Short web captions
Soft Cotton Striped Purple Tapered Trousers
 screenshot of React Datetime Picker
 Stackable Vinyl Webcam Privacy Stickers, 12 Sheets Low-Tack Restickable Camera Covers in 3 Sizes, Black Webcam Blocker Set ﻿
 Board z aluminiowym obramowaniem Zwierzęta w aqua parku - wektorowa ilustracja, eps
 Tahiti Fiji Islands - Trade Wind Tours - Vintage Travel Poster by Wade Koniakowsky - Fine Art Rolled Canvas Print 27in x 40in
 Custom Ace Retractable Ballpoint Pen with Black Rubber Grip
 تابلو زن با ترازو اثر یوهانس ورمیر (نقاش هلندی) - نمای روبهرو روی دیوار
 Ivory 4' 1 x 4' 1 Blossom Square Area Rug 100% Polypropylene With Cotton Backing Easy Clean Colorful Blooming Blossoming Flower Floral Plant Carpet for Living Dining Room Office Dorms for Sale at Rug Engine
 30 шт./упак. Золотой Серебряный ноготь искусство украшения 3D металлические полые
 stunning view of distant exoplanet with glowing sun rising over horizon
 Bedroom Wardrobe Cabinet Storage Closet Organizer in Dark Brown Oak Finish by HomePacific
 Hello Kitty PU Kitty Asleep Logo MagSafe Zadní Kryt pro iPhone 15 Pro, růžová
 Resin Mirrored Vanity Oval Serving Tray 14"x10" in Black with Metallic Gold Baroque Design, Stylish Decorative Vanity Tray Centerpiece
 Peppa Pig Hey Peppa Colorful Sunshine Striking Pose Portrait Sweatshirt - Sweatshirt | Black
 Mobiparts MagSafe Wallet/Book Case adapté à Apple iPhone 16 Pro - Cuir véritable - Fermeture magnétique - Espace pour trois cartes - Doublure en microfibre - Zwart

What you are asked to do:
Retype the records above exactly, from their first line through the line that contains "تابلو زن با", and stop there.

Response below:
Soft Cotton Striped Purple Tapered Trousers
 screenshot of React Datetime Picker
 Stackable Vinyl Webcam Privacy Stickers, 12 Sheets Low-Tack Restickable Camera Covers in 3 Sizes, Black Webcam Blocker Set ﻿
 Board z aluminiowym obramowaniem Zwierzęta w aqua parku - wektorowa ilustracja, eps
 Tahiti Fiji Islands - Trade Wind Tours - Vintage Travel Poster by Wade Koniakowsky - Fine Art Rolled Canvas Print 27in x 40in
 Custom Ace Retractable Ballpoint Pen with Black Rubber Grip
 تابلو زن با ترازو اثر یوهانس ورمیر (نقاش هلندی) - نمای روبهرو روی دیوار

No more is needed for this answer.